Savior Bhutto in Solo Political Show

by IOL (reposted)
CAIRO — While almost all leading opposition figures were either in custody, under house arrest or in hiding, former prime minister Bhutto freely travelled from the southern city of Karachi to the capital Islamabad.
She reportedly flew into Islamabad to hold crisis talks with opposition leaders, none of them seems to be available for such talks.

Qazi Hussain Ahmad, the president of the Muttahida Majlis-e-Amal six-party religious alliance, has been placed under house arrest.

Ahmed is also the leader of the Jamaat-e-Islami.

Javed Hashmi, the acting chief of former premier Nawaz Sharif's Pakistan Muslim League-N party, was arrested in a raid on his house in the central city of Multan.

Hashmi was freed by the independent-minded Supreme Court in July after three years in jail after being slapped with a 23-year term in 2004 on treason charges for criticizing the army.

Khawaja Asif, a firebrand central leader of the party, was also placed under house arrest.

Cricketer-turned-politician Imran Khan, the leader of the Movement for Justice party, went into hiding one day after police placed him under house arrest in the eastern city of Lahore.

Nationalist opposition leaders Mehmood Khan Achakzai and Qadir Magsi were detained in their home towns in southern Pakistan.

Ousted Chief Justice Iftikhar Chaudhry and all other Supreme Court judges who refused to cow to the emergency rule have been placed under house arrest.

The president of the Supreme Court Bar Association, Aitzaz Ahsan, and other legal leaders including Munir A. Malik, Ali Ahmad Kurd and Tariq Mehmood were also taken into custody immediately after emergency rule was imposed.

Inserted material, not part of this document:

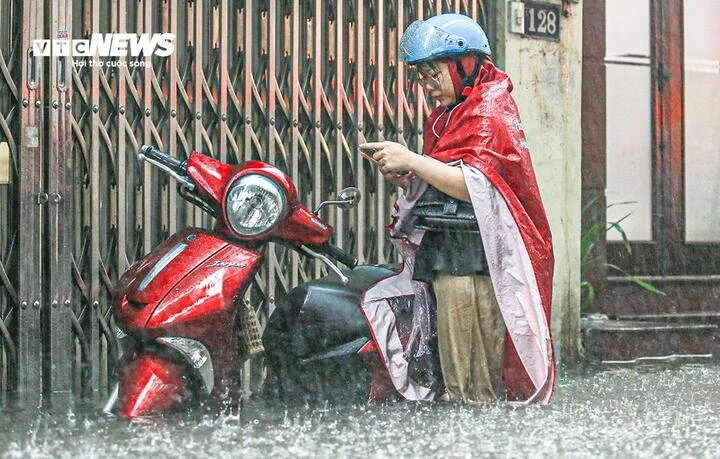 Dự báo thời tiết 4/7: Miền Bắc mưa xối xả, nguy cơ xuất hiện lũ gây ngập lụt Dự báo thời tiết 4/7: Miền Bắc mưa xối xả, nguy cơ xuất hiện lũ gây ngập lụt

The four were counsels for Chaudhry when Musharraf first tried to sack him in March.

Thousands of lawyers who came out to protest the emergency rule have also been rounded up.

Savior

Bhutto returned to Pakistan from a private visit to Dubai only a few hours after Musharraf declared emergency.

She was allowed no the same way she was welcomed on October 18 after an eight-year self-exile under a US-brokered power-sharing deal with Musharraf.

Surprisingly, no rank or file of Bhutto's Pakistan Peoples Party (PPP) has been arrested so far.

Police said Wednesday they would stop her planned rally in the garrison city of Rawalpindi on Friday.

But her Pakistan People's Party (PPP), the country's biggest opposition party, is unfazed.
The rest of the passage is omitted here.